## EXERCISE:
Excluding every picture, print exactly the lines from the one containing "2023 Ford F-150 Lightning XLT" through the end of the material below, both ends included.

## INFORMATION SHOWN:
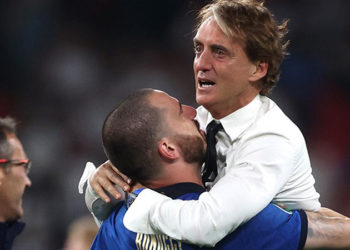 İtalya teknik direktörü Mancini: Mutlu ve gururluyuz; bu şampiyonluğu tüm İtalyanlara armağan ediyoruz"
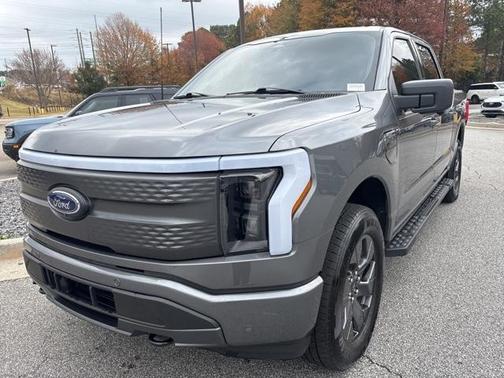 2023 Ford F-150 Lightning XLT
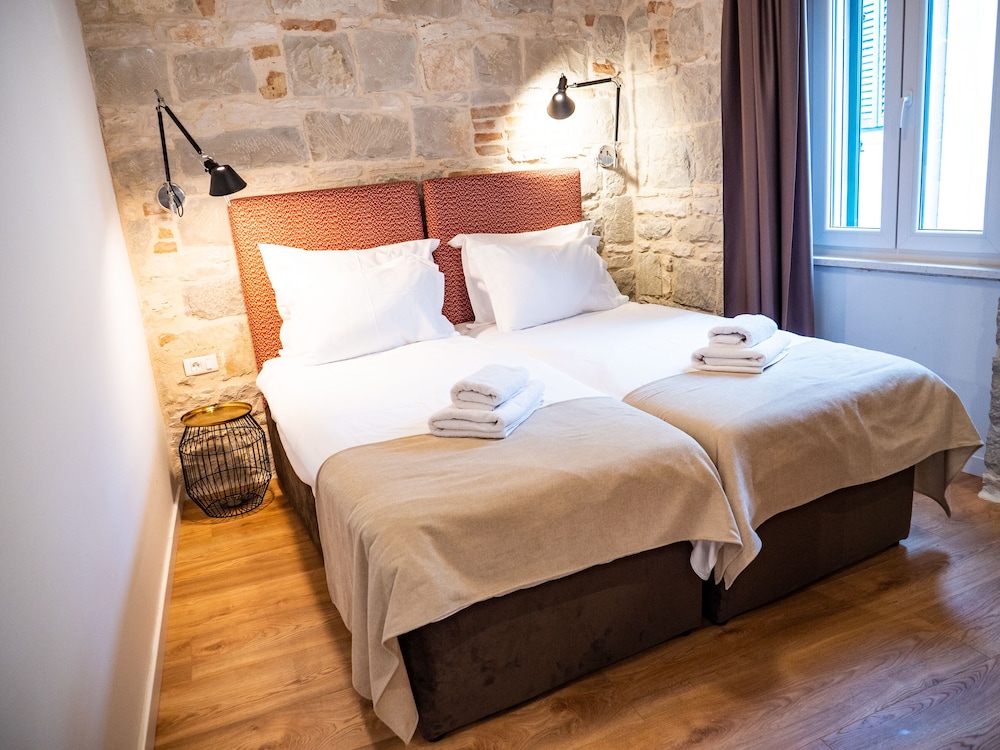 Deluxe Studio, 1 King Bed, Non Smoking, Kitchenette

## OUTPUT FOR THIS TASK:
 2023 Ford F-150 Lightning XLT
 Deluxe Studio, 1 King Bed, Non Smoking, Kitchenette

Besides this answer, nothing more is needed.